Proof for $2SAT$ in $P$ I have seen this thread.
However, I don't understand the answers. Following problem with the 2nd answer (the one of MGwynne):
He says that the number of clauses is quadratic of $n$ (the number of variables). I see that (this way: a clause has 2 variables, they can be put together with $\wedge$ and $\vee$. Each variable can also have a $\neg$ before it. So we get $2*2*2*\binom{n}{2}$ (because $\wedge$ and $\vee$ are commutative we don't need permutations). Which is in $O(n^2)$).
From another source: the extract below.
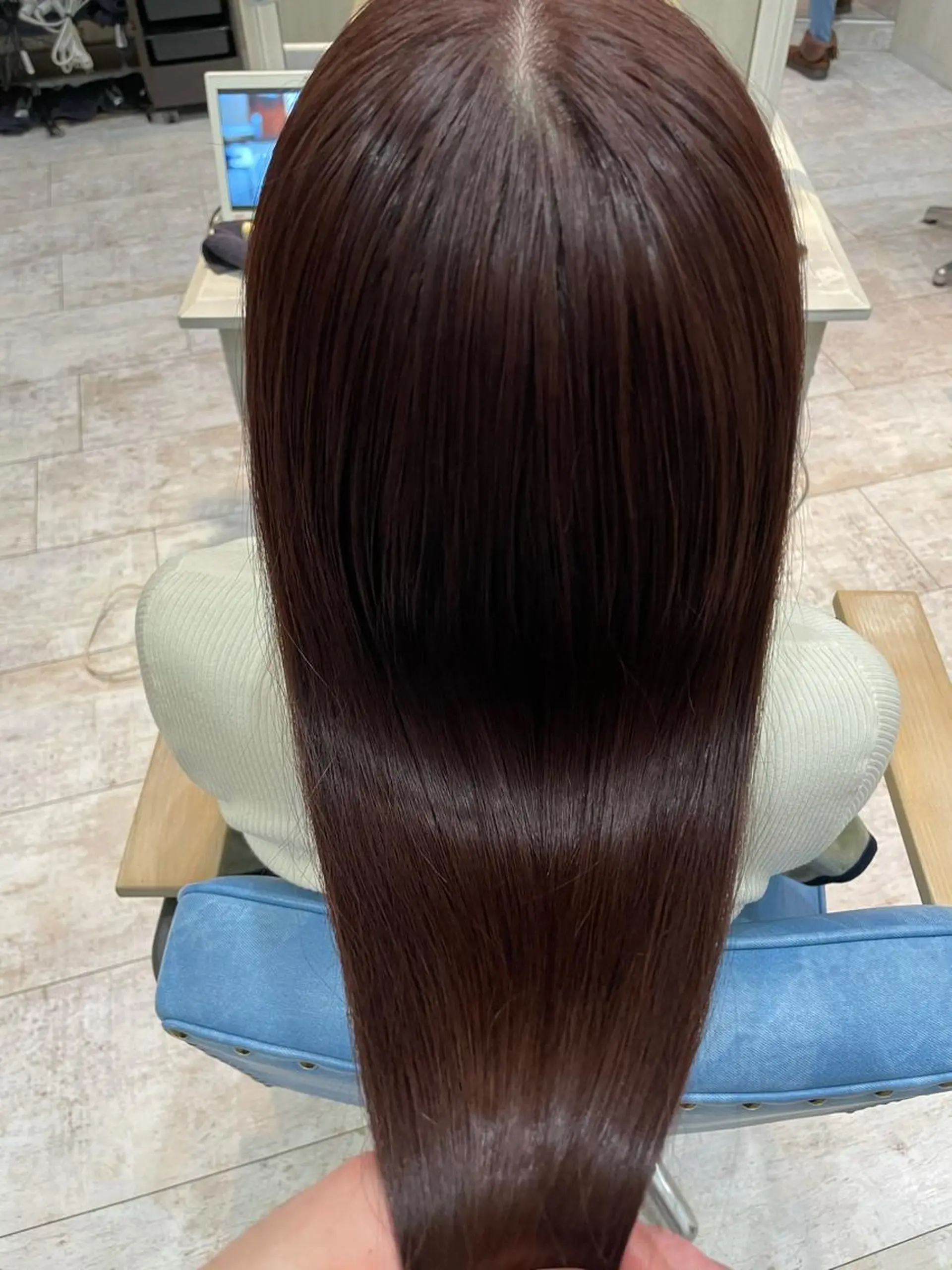 セミロング カット トリートメント 店長✨レイヤー✖️ 髪質改善✖️韓国ヘアのヘアスタイル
But I don't see how we conclude that $2SAT$ is in $P$. How can we determine whether there is a satisfying solution for a single clause? We cannot just iterate over the potential solutions, as that would be $2^n$ which is not polynomial.
 A: Consider some literal $x$ in formula $\phi$. If there is a clause with only one literal $x$, and a clause with only one literal $\lnot x$, the formula is not satisfiable. If $x$ is always positive or always negative, you can remove all the clauses containing $x$. Otherwise, $x$ appears in clauses $x \lor a_1, \ldots, x \lor a_k$ and $\lnot x \lor b_1, \ldots \lnot x \lor b_{k'}$. What we can do is replace all these clauses using $x$ by the following clauses:
$a_i \lor b_j$ for all $i \in \{1,\ldots,k\}$ and $j \in \{1,\ldots,k'\}$.
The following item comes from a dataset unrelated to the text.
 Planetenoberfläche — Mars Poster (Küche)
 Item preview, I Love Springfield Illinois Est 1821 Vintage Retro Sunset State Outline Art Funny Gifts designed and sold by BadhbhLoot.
Those together with all the clauses not containing $x$ or $\lnot x$, and after simplifying all the trivial clauses and the redundancies, makes a new formula $\phi'$ without the variable $x$.
If the formula $\phi$ was satisfiable, so is the new formula $\phi'$. Indeed, say it was satisfiable by some assignment where $x$ is true, then $b_j$ must be true for all $j$, hence $\phi'$ is satisfiable. Similarly if $x$ is false, $a_i$ is true and $\phi'$ is satisfied.
Reciprocally, if $\phi'$ is satisfiable, so is $\phi$: consider an satisfying assignment for $\phi'$. Then either all $a_i$ must be true, or all $b_j$ must be true (if not, then some clause in $\phi'$ is not satisfied).
By this procedure, we remove one variable while keeping the same satisfiability status. After $n$ steps, where $n$ is the number of variables, we will have determined whether $\phi$ is satisfiable.
This procedure is actually just a Fourier-Motzkin elimination, in the context of boolean algebra. You can also apply it for more general SAT formulas (consider this as an exercise). But the 2SAT formulas behave well for it, because each step transforms a 2SAT formula into another 2SAT formula with one less variable. If you apply it to a 3SAT formula, you will get a 4SAT formula, and so on. In general, Fourier-Motzkin elimination generates exponentially many linear terms. Here because we stay in 2SAT, we only ever get a polynomial number of clauses (the $O(n^2)$ that you refer to), which ensures the polynomiality of this algorithm.
Notice that this is not the most efficient algorithm for 2SAT, it is only one of the simplest.